Exercise brief: Write out each record below exactly, without pictures.

Supplied entries:
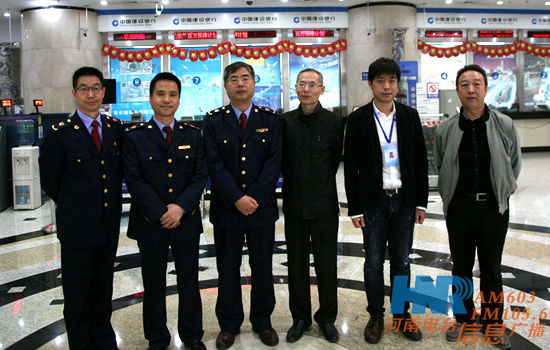 信息廣播副總監(jiān)魏志剛、民生資訊部負(fù)責(zé)人王昊與郭群一行在廣播大廈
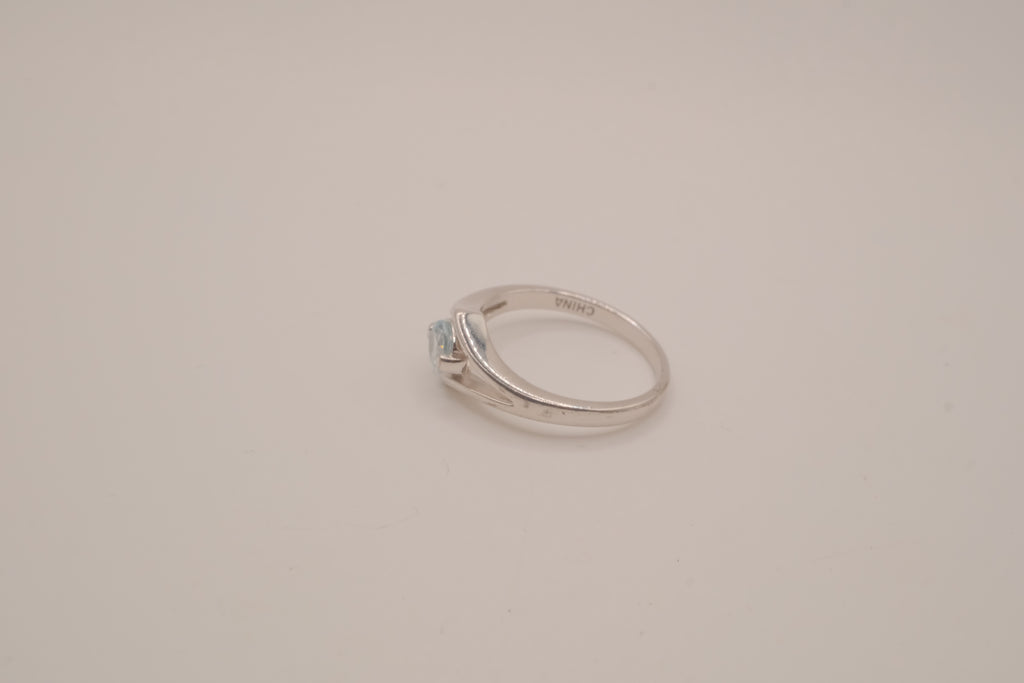 Vintage Sterling silver light blue stone ring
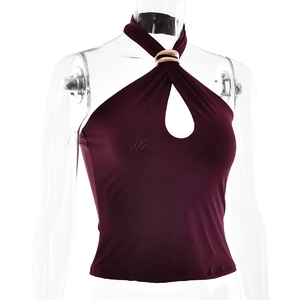 Détail d'un top licou bordeaux avec un anneau doré et une découpe goutte d'eau chic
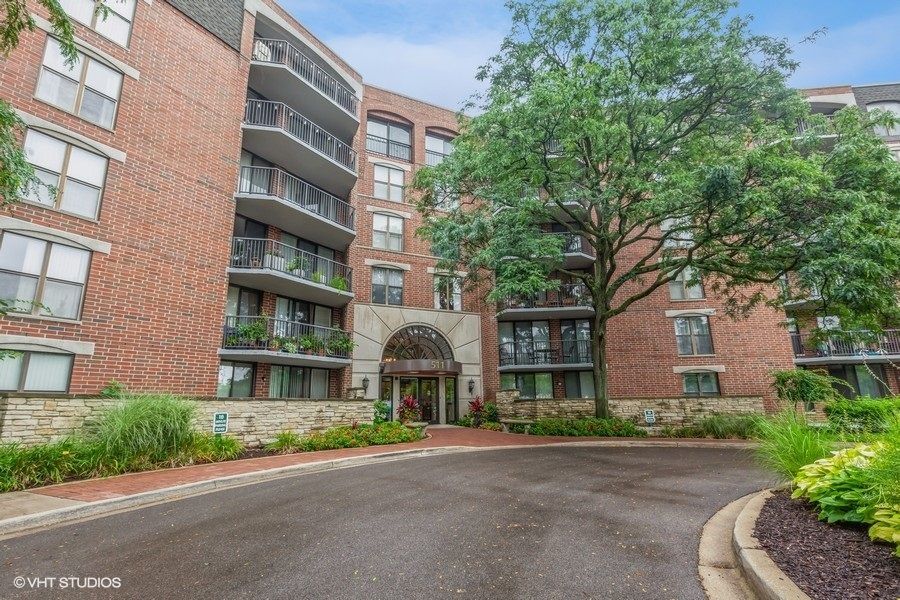 511 Aurora Avenue — Naperville, IL 60540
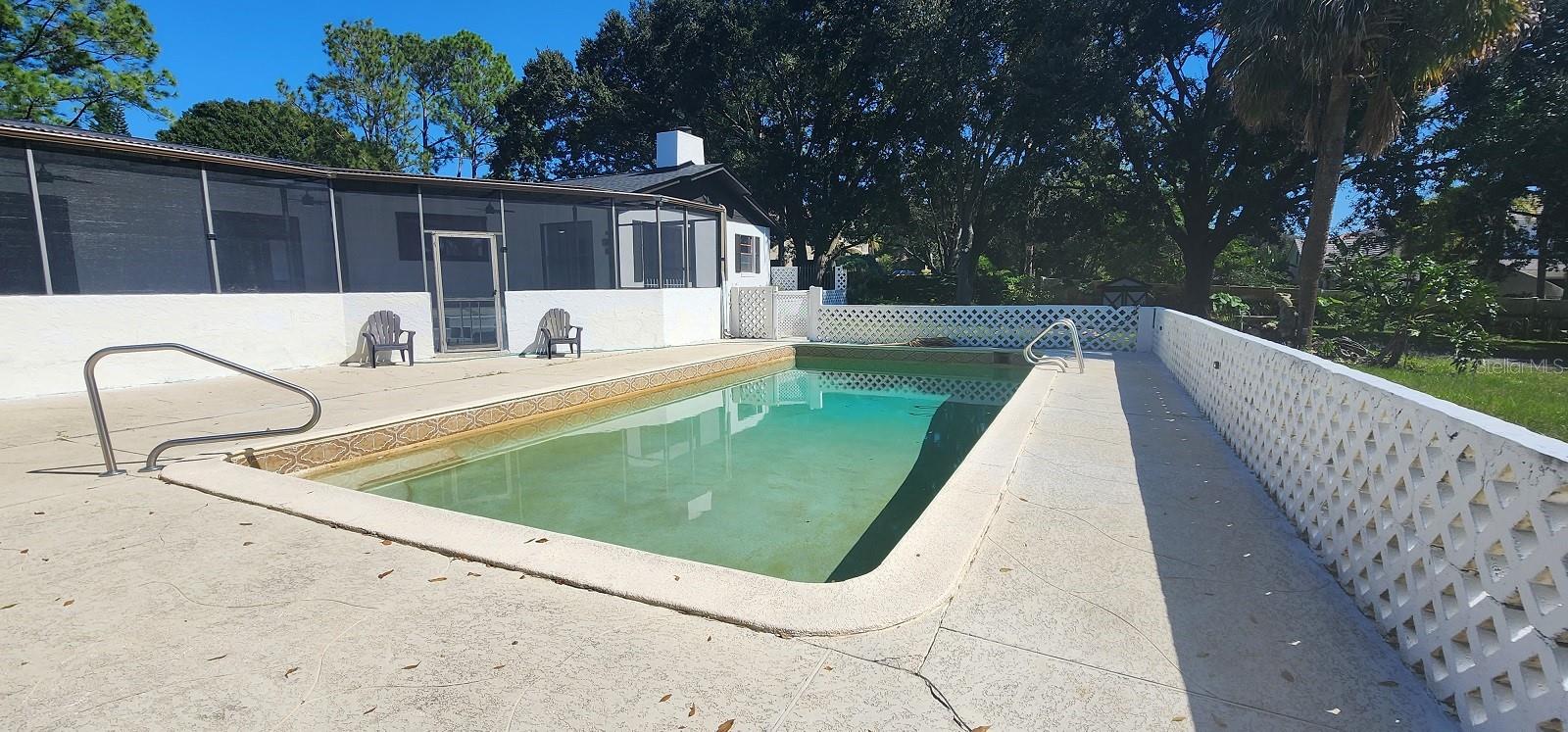 LES TERRACES - Residential Lease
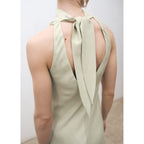 Robe Satinée Avec Ouverture Dans Le Dos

Output of the exercise:
 信息廣播副總監(jiān)魏志剛、民生資訊部負(fù)責(zé)人王昊與郭群一行在廣播大廈
 Vintage Sterling silver light blue stone ring
 Détail d'un top licou bordeaux avec un anneau doré et une découpe goutte d'eau chic
 511 Aurora Avenue — Naperville, IL 60540
 LES TERRACES - Residential Lease
 Robe Satinée Avec Ouverture Dans Le Dos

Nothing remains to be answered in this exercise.